Book Review: The Glass Castle

Author: Jeannette Walls

Published: 2006

Publisher: Scribner

Number of Pages: 288

My Rating: 5

Summary from GoodReads.com:

The Glass Castle is a remarkable memoir of resilience and redemption, and a revelatory look into a family at once deeply dysfunctional and uniquely vibrant. When sober, Jeannette’s brilliant and charismatic father captured his children’s imagination, teaching them physics, geology, and how to embrace life fearlessly. But when he drank, he was dishonest and destructive. Her mother was a free spirit who abhorred the idea of domesticity and didn’t want the responsibility of raising a family.

The Walls children learned to take care of themselves. They fed, clothed, and protected one another, and eventually found their way to New York. Their parents followed them, choosing to be homeless even as their children prospered.

The Glass Castleis truly astonishing–a memoir permeated by the intense love of a peculiar but loyal family.

This was one of those books that I had heard of throughout the years but didn’t know anyone who had read it so I never realized what I was missing out on. One day, I saw it at my local thrift store and felt the instant need to snatch it up and start reading.
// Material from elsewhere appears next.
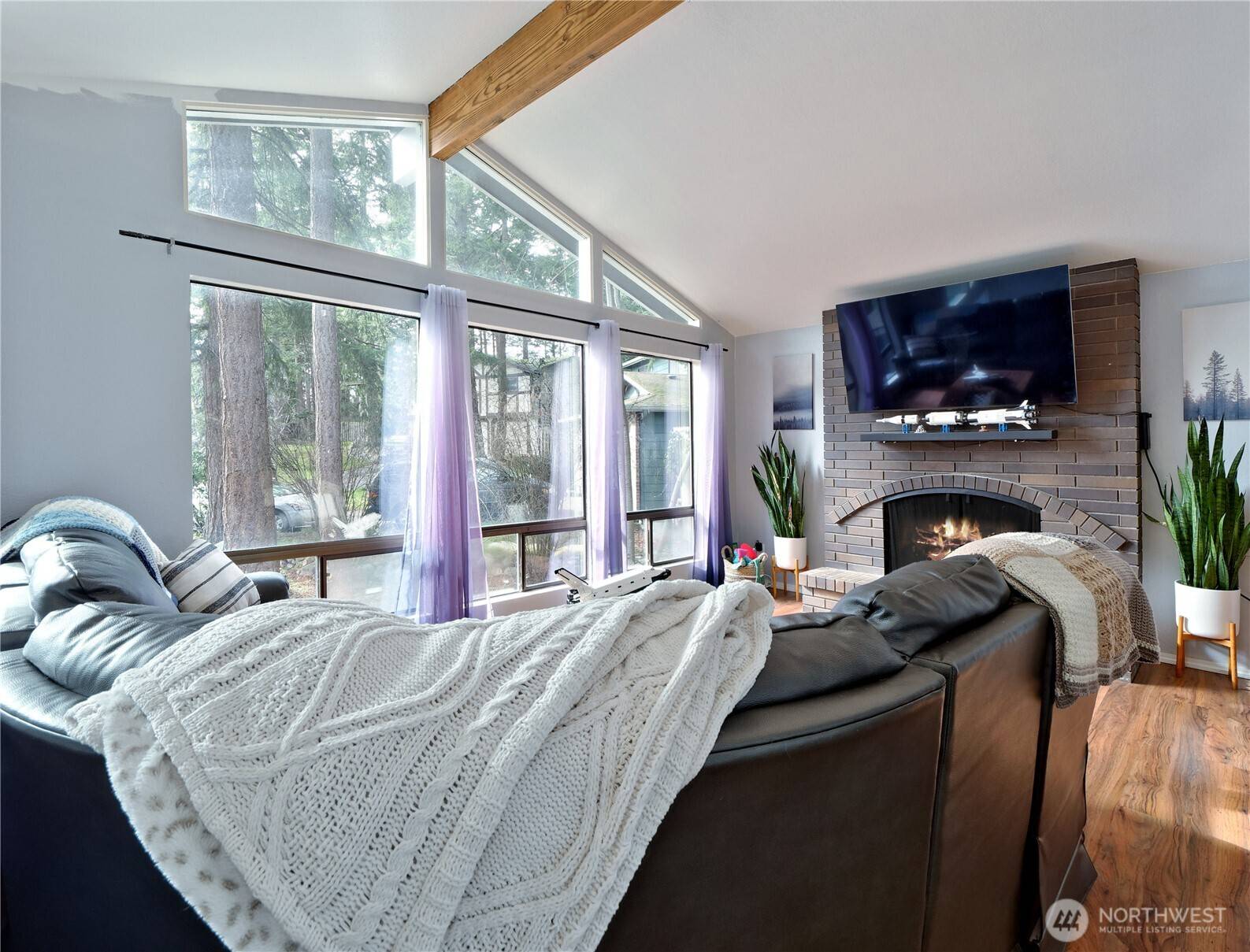 Oak Harbor, WA 98277,1074 SW Castilian DR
The Glass Castle is a memoir about the author’s childhood and growing up essentially homeless for a big chunk of her life. Sometimes memoirs can read slow and are very fact-based without much life in them. Not this one. Jeannette Walls’ writing style was fast-paced and attention grabbing from the first sentence. Her story was very straightforward and not whiny at all, even though she went through some things that we couldn’t even imagine. The way she tells her story, with vivid details and specific memories, is refreshing and enlightening.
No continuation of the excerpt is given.